I’ve always been better at expressing myself in written form. I’ve also always found comfort in writing my feelings; while my primary purpose is to encourage readers to consider the power of writing I have to throw a couple of things out there as there is a “pro” and “con” to nearly everything. The biggest “con” to keeping a journal is the possibility of a breach in confidentiality; as a child I cringed at the thought of someone reading “my diary” with the mini padlock that anyone could pick with a hairpin. I still cringe at the thought as an adult. There is freedom when one can express their innermost thoughts and feelings without any inhibition; in fact, I don’t believe journaling can be 100% effective without “the nitty gritty.” It’s in these types of lines and writing that we are able to remove masks and lie back in honesty. Otherwise, we may as well continue walking around in hiding.

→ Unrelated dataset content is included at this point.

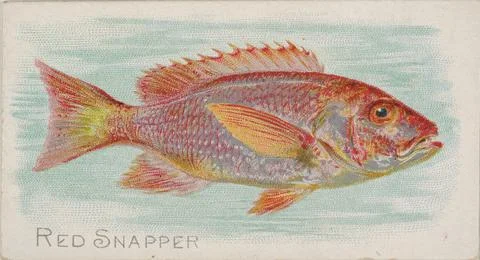 Red Snapper, from the Fish from American Waters series (N8) for Allen &amp; Gin.. Illustrazione stock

A journal helps keep a timeline for one’s life’s experiences (if it’s kept up). I can go back through my journals and recall where I was in my life at the time that I was writing. It shows me how God brought me through adversity. I am able to notice cycles and habits in my life-good or bad. I am able to share revelation from God with myself in my journal too. My journals have served as mirrors in my life: they have shown me the wicked crevices in my heart, they have shown me my struggles, they have also shown me some good things about myself. I can process my thoughts. It clears up “static...” unclear areas that, sometimes, I did not know were even there. It’s similar to connecting the dots.
The healing that comes from [honest/transparent] writing is phenomenal. It provides a source of closure. It allows the release of feelings that would otherwise be trapped inside. The healing is thought-provoking and can lead to healing that a person may not know that they needed. For those that are into therapy and mental health services, it is a positive coping skill. All that is needed is consistency and transparency. Write the good, bad, and ugly, and watch how things begin to unfold.